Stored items
════════════════════

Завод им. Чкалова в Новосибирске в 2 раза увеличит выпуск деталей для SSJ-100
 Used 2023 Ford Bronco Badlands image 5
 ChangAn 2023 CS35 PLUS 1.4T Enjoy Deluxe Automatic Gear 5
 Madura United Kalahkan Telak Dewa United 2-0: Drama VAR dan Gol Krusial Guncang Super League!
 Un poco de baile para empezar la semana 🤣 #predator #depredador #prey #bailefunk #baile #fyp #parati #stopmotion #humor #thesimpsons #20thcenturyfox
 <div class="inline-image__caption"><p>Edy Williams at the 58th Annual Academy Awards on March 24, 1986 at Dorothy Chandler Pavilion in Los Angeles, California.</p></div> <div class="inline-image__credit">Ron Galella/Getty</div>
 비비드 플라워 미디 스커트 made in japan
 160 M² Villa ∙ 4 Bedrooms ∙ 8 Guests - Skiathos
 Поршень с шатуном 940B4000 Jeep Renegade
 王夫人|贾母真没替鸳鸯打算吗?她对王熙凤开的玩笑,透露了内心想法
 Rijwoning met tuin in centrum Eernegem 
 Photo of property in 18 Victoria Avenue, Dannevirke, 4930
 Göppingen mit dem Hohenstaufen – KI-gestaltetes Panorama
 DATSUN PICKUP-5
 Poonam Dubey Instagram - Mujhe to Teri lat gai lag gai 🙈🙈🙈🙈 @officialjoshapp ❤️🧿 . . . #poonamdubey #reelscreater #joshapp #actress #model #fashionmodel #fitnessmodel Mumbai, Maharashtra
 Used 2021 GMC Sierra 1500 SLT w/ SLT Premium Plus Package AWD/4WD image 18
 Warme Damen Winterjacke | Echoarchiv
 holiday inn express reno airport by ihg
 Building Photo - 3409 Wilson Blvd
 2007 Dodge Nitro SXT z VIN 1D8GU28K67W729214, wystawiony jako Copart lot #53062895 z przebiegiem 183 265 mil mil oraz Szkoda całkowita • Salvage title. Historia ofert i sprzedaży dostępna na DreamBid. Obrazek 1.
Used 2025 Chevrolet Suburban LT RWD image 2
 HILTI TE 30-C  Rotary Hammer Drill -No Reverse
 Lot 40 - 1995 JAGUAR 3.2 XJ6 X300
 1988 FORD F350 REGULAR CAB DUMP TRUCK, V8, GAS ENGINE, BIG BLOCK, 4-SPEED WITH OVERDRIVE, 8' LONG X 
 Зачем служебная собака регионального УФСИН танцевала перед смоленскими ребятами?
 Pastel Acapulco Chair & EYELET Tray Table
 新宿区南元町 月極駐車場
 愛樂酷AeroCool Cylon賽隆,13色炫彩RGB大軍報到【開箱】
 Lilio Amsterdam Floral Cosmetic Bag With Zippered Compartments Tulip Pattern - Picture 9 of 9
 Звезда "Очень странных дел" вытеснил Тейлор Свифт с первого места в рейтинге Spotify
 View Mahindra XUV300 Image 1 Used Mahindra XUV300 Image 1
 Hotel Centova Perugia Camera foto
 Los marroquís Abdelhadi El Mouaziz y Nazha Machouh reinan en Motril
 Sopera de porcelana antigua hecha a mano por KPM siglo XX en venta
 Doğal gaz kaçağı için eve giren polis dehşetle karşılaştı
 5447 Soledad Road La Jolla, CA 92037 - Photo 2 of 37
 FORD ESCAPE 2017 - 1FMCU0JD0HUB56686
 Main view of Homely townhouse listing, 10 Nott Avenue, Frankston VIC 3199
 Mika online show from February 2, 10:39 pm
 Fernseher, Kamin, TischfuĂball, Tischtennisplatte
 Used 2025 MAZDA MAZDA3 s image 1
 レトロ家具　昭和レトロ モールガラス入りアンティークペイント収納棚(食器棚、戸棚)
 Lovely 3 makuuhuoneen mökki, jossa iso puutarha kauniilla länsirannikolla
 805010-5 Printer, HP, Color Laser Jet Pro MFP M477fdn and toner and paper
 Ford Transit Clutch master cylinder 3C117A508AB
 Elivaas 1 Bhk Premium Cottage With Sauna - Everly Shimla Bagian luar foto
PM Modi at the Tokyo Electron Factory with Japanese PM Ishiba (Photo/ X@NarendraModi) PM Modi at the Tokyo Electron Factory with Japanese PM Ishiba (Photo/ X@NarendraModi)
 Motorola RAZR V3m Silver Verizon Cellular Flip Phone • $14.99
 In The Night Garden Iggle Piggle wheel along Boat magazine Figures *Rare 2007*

════════════════════

| About this exercise |
Repeat the data in full, matching each line exactly.

| Answer section |
Завод им. Чкалова в Новосибирске в 2 раза увеличит выпуск деталей для SSJ-100
 Used 2023 Ford Bronco Badlands image 5
 ChangAn 2023 CS35 PLUS 1.4T Enjoy Deluxe Automatic Gear 5
 Madura United Kalahkan Telak Dewa United 2-0: Drama VAR dan Gol Krusial Guncang Super League!
 Un poco de baile para empezar la semana 🤣 #predator #depredador #prey #bailefunk #baile #fyp #parati #stopmotion #humor #thesimpsons #20thcenturyfox
 <div class="inline-image__caption"><p>Edy Williams at the 58th Annual Academy Awards on March 24, 1986 at Dorothy Chandler Pavilion in Los Angeles, California.</p></div> <div class="inline-image__credit">Ron Galella/Getty</div>
 비비드 플라워 미디 스커트 made in japan
 160 M² Villa ∙ 4 Bedrooms ∙ 8 Guests - Skiathos
 Поршень с шатуном 940B4000 Jeep Renegade
 王夫人|贾母真没替鸳鸯打算吗?她对王熙凤开的玩笑,透露了内心想法
 Rijwoning met tuin in centrum Eernegem 
 Photo of property in 18 Victoria Avenue, Dannevirke, 4930
 Göppingen mit dem Hohenstaufen – KI-gestaltetes Panorama
 DATSUN PICKUP-5
 Poonam Dubey Instagram - Mujhe to Teri lat gai lag gai 🙈🙈🙈🙈 @officialjoshapp ❤️🧿 . . . #poonamdubey #reelscreater #joshapp #actress #model #fashionmodel #fitnessmodel Mumbai, Maharashtra
 Used 2021 GMC Sierra 1500 SLT w/ SLT Premium Plus Package AWD/4WD image 18
 Warme Damen Winterjacke | Echoarchiv
 holiday inn express reno airport by ihg
 Building Photo - 3409 Wilson Blvd
 2007 Dodge Nitro SXT z VIN 1D8GU28K67W729214, wystawiony jako Copart lot #53062895 z przebiegiem 183 265 mil mil oraz Szkoda całkowita • Salvage title. Historia ofert i sprzedaży dostępna na DreamBid. Obrazek 1.
Used 2025 Chevrolet Suburban LT RWD image 2
 HILTI TE 30-C  Rotary Hammer Drill -No Reverse
 Lot 40 - 1995 JAGUAR 3.2 XJ6 X300
 1988 FORD F350 REGULAR CAB DUMP TRUCK, V8, GAS ENGINE, BIG BLOCK, 4-SPEED WITH OVERDRIVE, 8' LONG X 
 Зачем служебная собака регионального УФСИН танцевала перед смоленскими ребятами?
 Pastel Acapulco Chair & EYELET Tray Table
 新宿区南元町 月極駐車場
 愛樂酷AeroCool Cylon賽隆,13色炫彩RGB大軍報到【開箱】
 Lilio Amsterdam Floral Cosmetic Bag With Zippered Compartments Tulip Pattern - Picture 9 of 9
 Звезда "Очень странных дел" вытеснил Тейлор Свифт с первого места в рейтинге Spotify
 View Mahindra XUV300 Image 1 Used Mahindra XUV300 Image 1
 Hotel Centova Perugia Camera foto
 Los marroquís Abdelhadi El Mouaziz y Nazha Machouh reinan en Motril
 Sopera de porcelana antigua hecha a mano por KPM siglo XX en venta
 Doğal gaz kaçağı için eve giren polis dehşetle karşılaştı
 5447 Soledad Road La Jolla, CA 92037 - Photo 2 of 37
 FORD ESCAPE 2017 - 1FMCU0JD0HUB56686
 Main view of Homely townhouse listing, 10 Nott Avenue, Frankston VIC 3199
 Mika online show from February 2, 10:39 pm
 Fernseher, Kamin, TischfuĂball, Tischtennisplatte
 Used 2025 MAZDA MAZDA3 s image 1
 レトロ家具　昭和レトロ モールガラス入りアンティークペイント収納棚(食器棚、戸棚)
 Lovely 3 makuuhuoneen mökki, jossa iso puutarha kauniilla länsirannikolla
 805010-5 Printer, HP, Color Laser Jet Pro MFP M477fdn and toner and paper
 Ford Transit Clutch master cylinder 3C117A508AB
 Elivaas 1 Bhk Premium Cottage With Sauna - Everly Shimla Bagian luar foto
PM Modi at the Tokyo Electron Factory with Japanese PM Ishiba (Photo/ X@NarendraModi) PM Modi at the Tokyo Electron Factory with Japanese PM Ishiba (Photo/ X@NarendraModi)
 Motorola RAZR V3m Silver Verizon Cellular Flip Phone • $14.99
 In The Night Garden Iggle Piggle wheel along Boat magazine Figures *Rare 2007*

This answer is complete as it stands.